WHAT IS BEING ASKED: Go to the line containing "RTS Brown Stripe" in the records below and print it and every following line exactly, on through the line containing "10-18mm Thin Bezel", then stop.

TASK INPUT:
--------------------

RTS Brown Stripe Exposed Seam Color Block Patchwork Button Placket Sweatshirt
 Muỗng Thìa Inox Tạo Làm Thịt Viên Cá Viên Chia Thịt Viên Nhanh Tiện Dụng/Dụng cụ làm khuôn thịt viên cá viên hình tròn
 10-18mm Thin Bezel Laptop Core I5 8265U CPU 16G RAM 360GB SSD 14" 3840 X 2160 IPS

--------------------

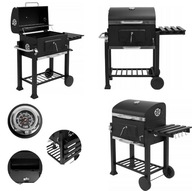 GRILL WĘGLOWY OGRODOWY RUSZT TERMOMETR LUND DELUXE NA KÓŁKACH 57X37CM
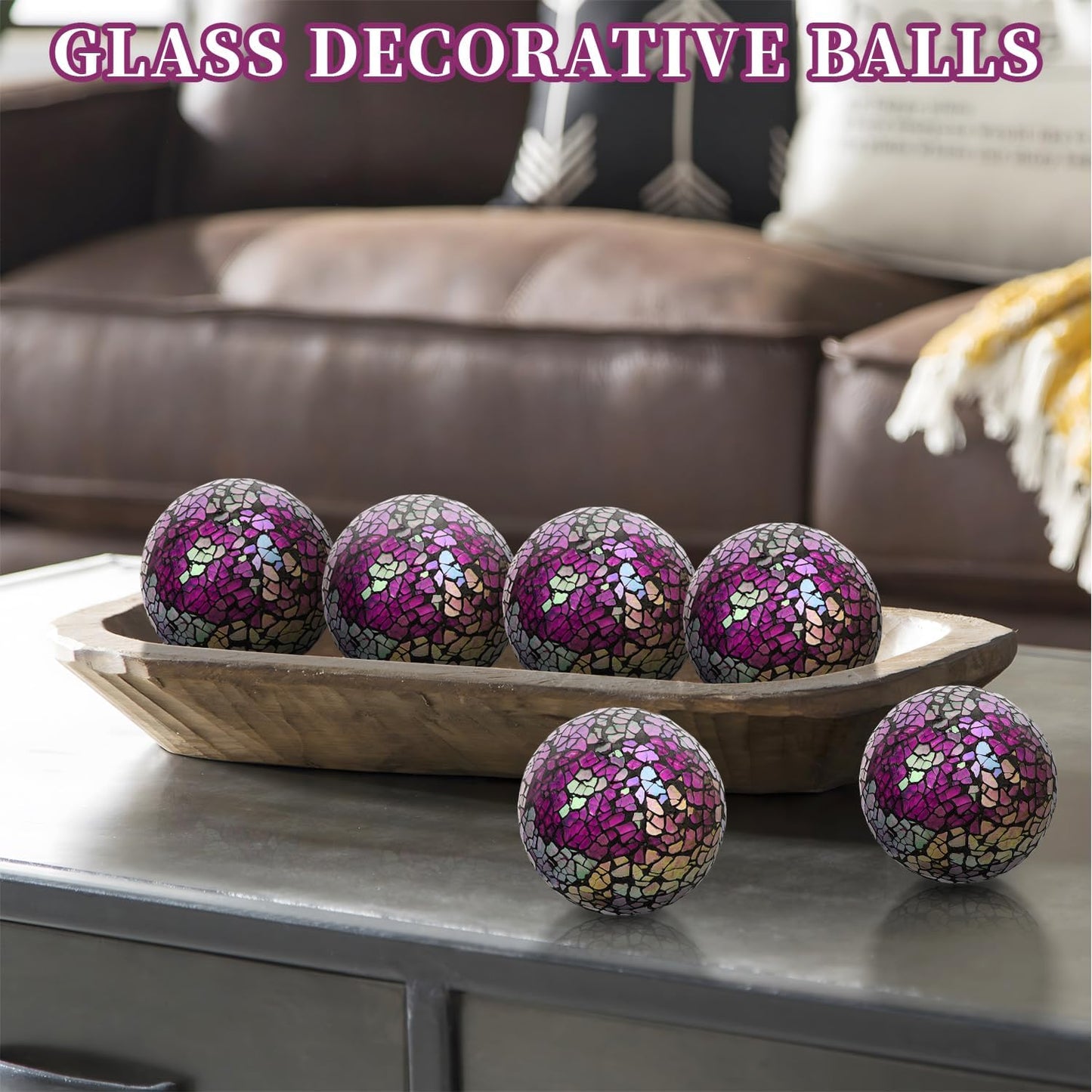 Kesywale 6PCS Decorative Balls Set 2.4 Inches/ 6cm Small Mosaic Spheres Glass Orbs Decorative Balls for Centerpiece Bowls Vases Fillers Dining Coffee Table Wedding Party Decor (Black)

--------------------

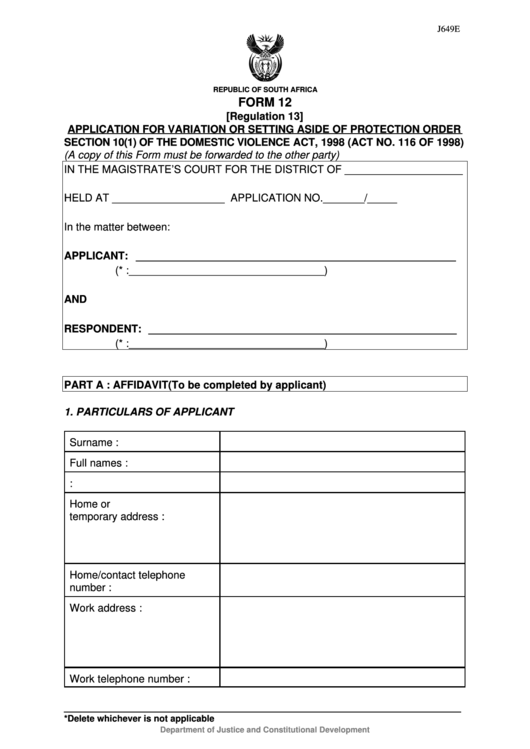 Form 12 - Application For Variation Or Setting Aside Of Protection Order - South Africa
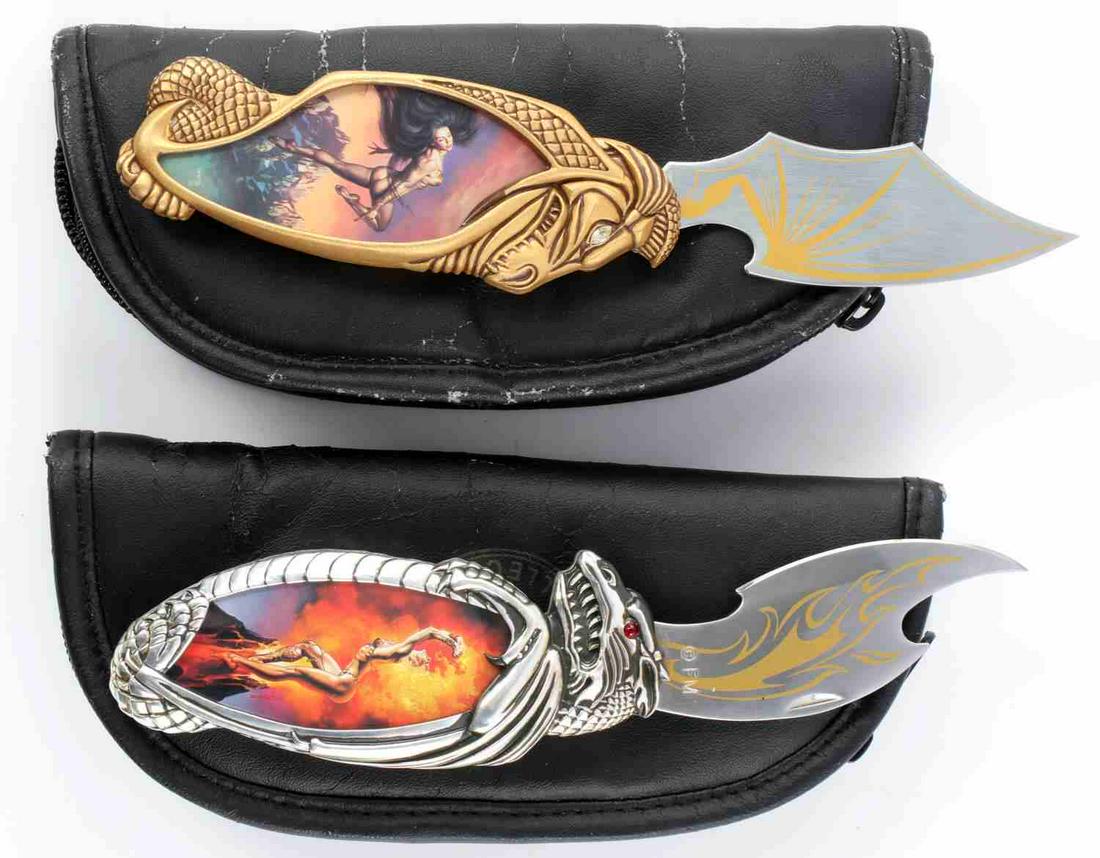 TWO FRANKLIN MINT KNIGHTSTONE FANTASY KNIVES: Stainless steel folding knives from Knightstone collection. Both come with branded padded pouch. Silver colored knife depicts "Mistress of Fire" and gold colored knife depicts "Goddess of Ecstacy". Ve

--------------------

ANSWER BOX:
RTS Brown Stripe Exposed Seam Color Block Patchwork Button Placket Sweatshirt
 Muỗng Thìa Inox Tạo Làm Thịt Viên Cá Viên Chia Thịt Viên Nhanh Tiện Dụng/Dụng cụ làm khuôn thịt viên cá viên hình tròn
 10-18mm Thin Bezel Laptop Core I5 8265U CPU 16G RAM 360GB SSD 14" 3840 X 2160 IPS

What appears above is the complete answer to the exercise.